**Records for the task:**
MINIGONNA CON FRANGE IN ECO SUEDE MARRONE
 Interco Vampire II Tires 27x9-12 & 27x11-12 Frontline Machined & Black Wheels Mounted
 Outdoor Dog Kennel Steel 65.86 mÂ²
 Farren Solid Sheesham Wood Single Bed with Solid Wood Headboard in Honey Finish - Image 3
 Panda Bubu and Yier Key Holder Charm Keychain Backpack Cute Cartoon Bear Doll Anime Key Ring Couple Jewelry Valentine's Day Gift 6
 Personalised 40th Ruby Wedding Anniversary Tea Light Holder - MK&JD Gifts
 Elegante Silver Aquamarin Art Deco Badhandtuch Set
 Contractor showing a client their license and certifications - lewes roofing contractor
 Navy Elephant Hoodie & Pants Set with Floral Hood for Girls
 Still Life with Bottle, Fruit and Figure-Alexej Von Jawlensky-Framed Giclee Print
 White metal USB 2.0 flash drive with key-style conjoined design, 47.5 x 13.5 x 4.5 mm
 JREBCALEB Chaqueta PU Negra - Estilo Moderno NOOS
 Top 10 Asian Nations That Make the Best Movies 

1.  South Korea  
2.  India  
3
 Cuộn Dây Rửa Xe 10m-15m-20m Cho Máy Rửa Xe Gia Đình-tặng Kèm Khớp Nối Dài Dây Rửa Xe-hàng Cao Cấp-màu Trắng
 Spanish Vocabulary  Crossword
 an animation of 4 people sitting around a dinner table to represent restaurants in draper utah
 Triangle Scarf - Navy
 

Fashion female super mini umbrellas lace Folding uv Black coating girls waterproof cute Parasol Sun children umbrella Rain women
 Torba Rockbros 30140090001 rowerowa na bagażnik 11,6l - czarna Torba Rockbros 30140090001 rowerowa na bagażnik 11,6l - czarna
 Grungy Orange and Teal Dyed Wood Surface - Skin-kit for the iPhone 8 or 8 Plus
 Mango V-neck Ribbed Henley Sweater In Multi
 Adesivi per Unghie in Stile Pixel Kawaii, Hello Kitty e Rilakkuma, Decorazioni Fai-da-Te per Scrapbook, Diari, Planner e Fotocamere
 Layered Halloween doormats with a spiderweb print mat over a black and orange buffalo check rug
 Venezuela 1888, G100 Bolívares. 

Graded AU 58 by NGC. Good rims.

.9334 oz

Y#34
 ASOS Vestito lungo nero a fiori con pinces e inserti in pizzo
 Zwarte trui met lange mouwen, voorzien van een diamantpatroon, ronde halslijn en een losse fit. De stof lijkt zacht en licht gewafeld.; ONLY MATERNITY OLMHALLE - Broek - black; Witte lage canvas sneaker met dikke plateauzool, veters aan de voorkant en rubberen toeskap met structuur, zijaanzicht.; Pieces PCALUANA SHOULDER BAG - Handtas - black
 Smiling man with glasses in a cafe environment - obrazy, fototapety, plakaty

**What the task requires:**
Transcribe the whole listing with nothing added or left out.

**Answer:**
MINIGONNA CON FRANGE IN ECO SUEDE MARRONE
 Interco Vampire II Tires 27x9-12 & 27x11-12 Frontline Machined & Black Wheels Mounted
 Outdoor Dog Kennel Steel 65.86 mÂ²
 Farren Solid Sheesham Wood Single Bed with Solid Wood Headboard in Honey Finish - Image 3
 Panda Bubu and Yier Key Holder Charm Keychain Backpack Cute Cartoon Bear Doll Anime Key Ring Couple Jewelry Valentine's Day Gift 6
 Personalised 40th Ruby Wedding Anniversary Tea Light Holder - MK&JD Gifts
 Elegante Silver Aquamarin Art Deco Badhandtuch Set
 Contractor showing a client their license and certifications - lewes roofing contractor
 Navy Elephant Hoodie & Pants Set with Floral Hood for Girls
 Still Life with Bottle, Fruit and Figure-Alexej Von Jawlensky-Framed Giclee Print
 White metal USB 2.0 flash drive with key-style conjoined design, 47.5 x 13.5 x 4.5 mm
 JREBCALEB Chaqueta PU Negra - Estilo Moderno NOOS
 Top 10 Asian Nations That Make the Best Movies 

1.  South Korea  
2.  India  
3
 Cuộn Dây Rửa Xe 10m-15m-20m Cho Máy Rửa Xe Gia Đình-tặng Kèm Khớp Nối Dài Dây Rửa Xe-hàng Cao Cấp-màu Trắng
 Spanish Vocabulary  Crossword
 an animation of 4 people sitting around a dinner table to represent restaurants in draper utah
 Triangle Scarf - Navy
 

Fashion female super mini umbrellas lace Folding uv Black coating girls waterproof cute Parasol Sun children umbrella Rain women
 Torba Rockbros 30140090001 rowerowa na bagażnik 11,6l - czarna Torba Rockbros 30140090001 rowerowa na bagażnik 11,6l - czarna
 Grungy Orange and Teal Dyed Wood Surface - Skin-kit for the iPhone 8 or 8 Plus
 Mango V-neck Ribbed Henley Sweater In Multi
 Adesivi per Unghie in Stile Pixel Kawaii, Hello Kitty e Rilakkuma, Decorazioni Fai-da-Te per Scrapbook, Diari, Planner e Fotocamere
 Layered Halloween doormats with a spiderweb print mat over a black and orange buffalo check rug
 Venezuela 1888, G100 Bolívares. 

Graded AU 58 by NGC. Good rims.

.9334 oz

Y#34
 ASOS Vestito lungo nero a fiori con pinces e inserti in pizzo
 Zwarte trui met lange mouwen, voorzien van een diamantpatroon, ronde halslijn en een losse fit. De stof lijkt zacht en licht gewafeld.; ONLY MATERNITY OLMHALLE - Broek - black; Witte lage canvas sneaker met dikke plateauzool, veters aan de voorkant en rubberen toeskap met structuur, zijaanzicht.; Pieces PCALUANA SHOULDER BAG - Handtas - black
 Smiling man with glasses in a cafe environment - obrazy, fototapety, plakaty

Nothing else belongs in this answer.